Exercise directions: Make an exact copy of the listing so that no picture is carried over.

Supplied data:
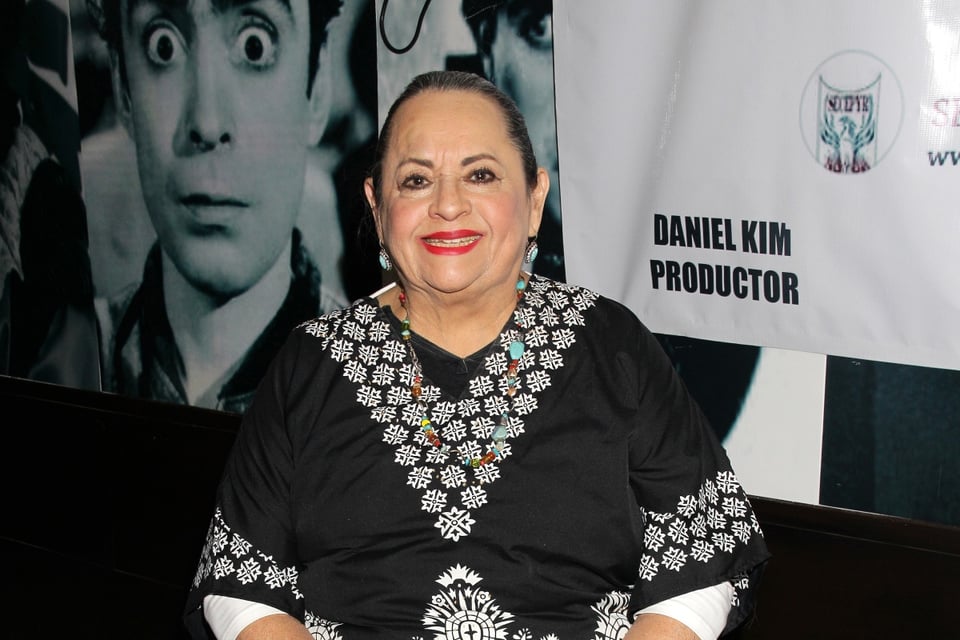 Hospitalizan de emergencia a la comediante Lucila Mariscal; revelan cómo se encuentra tras operación (FOTO) featured image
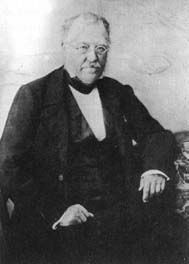 Joseph Jean Baptiste Xavier Fournet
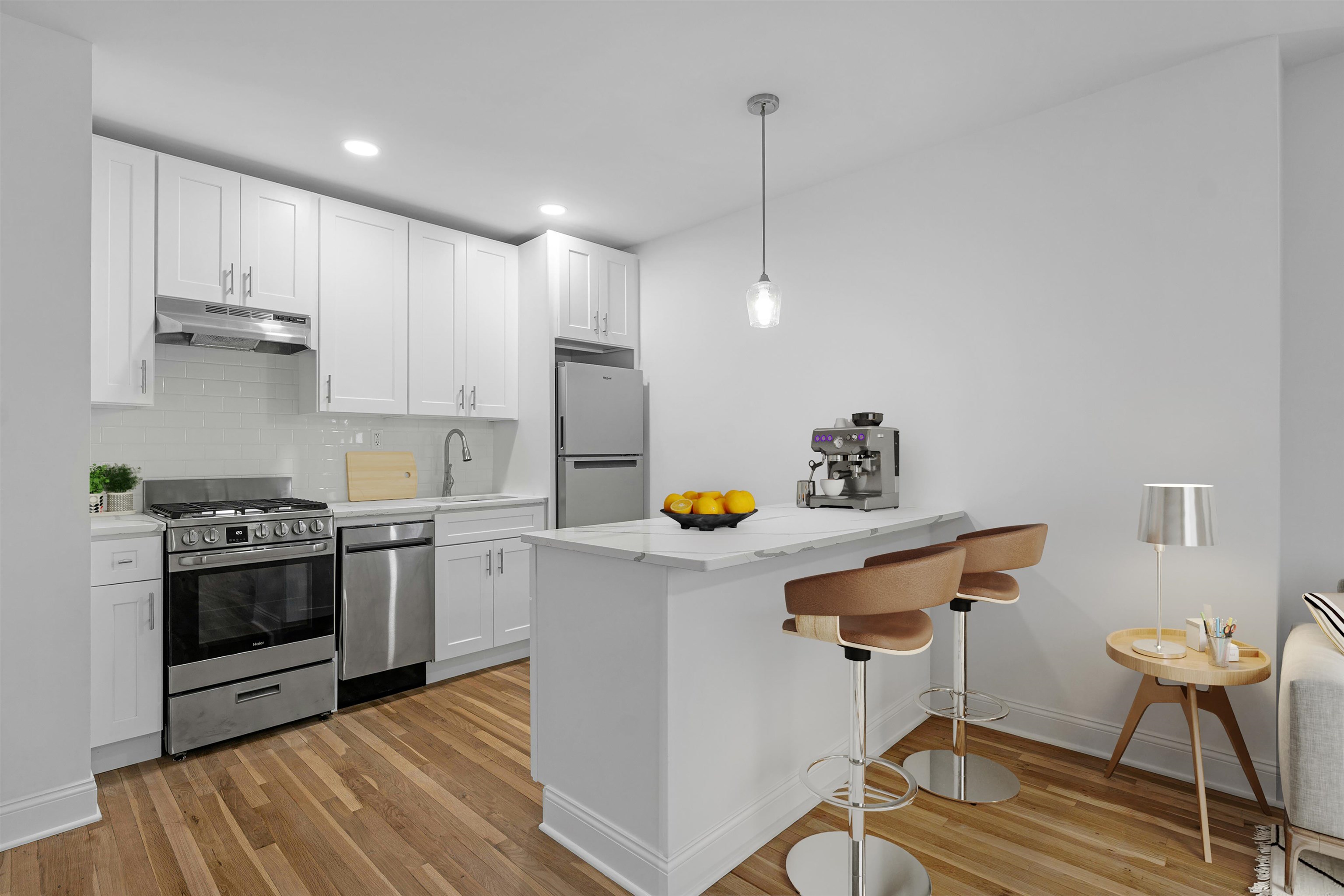 8350 Blvd East #2C, North Bergen, New Jersey image 3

Solution below:
 Hospitalizan de emergencia a la comediante Lucila Mariscal; revelan cómo se encuentra tras operación (FOTO) featured image
 Joseph Jean Baptiste Xavier Fournet
 8350 Blvd East #2C, North Bergen, New Jersey image 3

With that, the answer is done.